§ EXERCISE DATA:
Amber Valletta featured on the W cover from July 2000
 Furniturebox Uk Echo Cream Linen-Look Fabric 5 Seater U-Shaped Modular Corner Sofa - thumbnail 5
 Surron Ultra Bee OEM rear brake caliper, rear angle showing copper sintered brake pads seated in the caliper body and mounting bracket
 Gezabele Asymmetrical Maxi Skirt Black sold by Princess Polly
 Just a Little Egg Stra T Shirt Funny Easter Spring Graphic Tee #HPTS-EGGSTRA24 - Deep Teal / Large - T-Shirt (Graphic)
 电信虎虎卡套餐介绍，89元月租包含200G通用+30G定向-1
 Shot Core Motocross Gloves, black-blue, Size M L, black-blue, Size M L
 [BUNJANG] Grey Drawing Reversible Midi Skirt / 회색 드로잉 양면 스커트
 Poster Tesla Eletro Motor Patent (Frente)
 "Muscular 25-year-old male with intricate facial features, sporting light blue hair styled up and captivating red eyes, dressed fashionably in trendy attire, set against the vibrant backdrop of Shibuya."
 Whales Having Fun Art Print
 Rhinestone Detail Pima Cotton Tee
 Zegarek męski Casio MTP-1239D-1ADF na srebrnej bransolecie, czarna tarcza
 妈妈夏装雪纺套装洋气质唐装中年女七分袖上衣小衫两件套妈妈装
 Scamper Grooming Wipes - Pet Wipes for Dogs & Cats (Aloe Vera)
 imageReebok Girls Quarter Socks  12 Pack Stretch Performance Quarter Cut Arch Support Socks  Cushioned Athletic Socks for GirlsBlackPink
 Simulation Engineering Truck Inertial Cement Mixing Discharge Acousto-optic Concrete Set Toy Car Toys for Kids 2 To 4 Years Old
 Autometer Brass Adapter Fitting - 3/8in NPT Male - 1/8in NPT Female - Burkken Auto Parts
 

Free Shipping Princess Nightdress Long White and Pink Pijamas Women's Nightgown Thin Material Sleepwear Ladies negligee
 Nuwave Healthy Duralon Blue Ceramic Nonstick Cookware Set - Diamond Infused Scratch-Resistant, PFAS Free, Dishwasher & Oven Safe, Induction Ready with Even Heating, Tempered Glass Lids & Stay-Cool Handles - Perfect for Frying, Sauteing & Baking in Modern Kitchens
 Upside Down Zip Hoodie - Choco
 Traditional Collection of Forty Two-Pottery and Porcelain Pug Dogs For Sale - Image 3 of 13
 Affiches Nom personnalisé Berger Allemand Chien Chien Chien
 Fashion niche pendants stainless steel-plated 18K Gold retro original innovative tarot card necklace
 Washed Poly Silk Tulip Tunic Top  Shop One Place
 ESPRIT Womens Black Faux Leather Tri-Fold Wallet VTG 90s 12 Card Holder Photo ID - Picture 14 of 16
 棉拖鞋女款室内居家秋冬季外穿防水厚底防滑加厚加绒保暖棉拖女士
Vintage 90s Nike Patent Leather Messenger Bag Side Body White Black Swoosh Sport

§ YOUR ASSIGNMENT: Scan the listing above for the word "Princess" and copy every line that holds it.

§ RESPONSE FOR THIS EXERCISE:
 Gezabele Asymmetrical Maxi Skirt Black sold by Princess Polly
Free Shipping Princess Nightdress Long White and Pink Pijamas Women's Nightgown Thin Material Sleepwear Ladies negligee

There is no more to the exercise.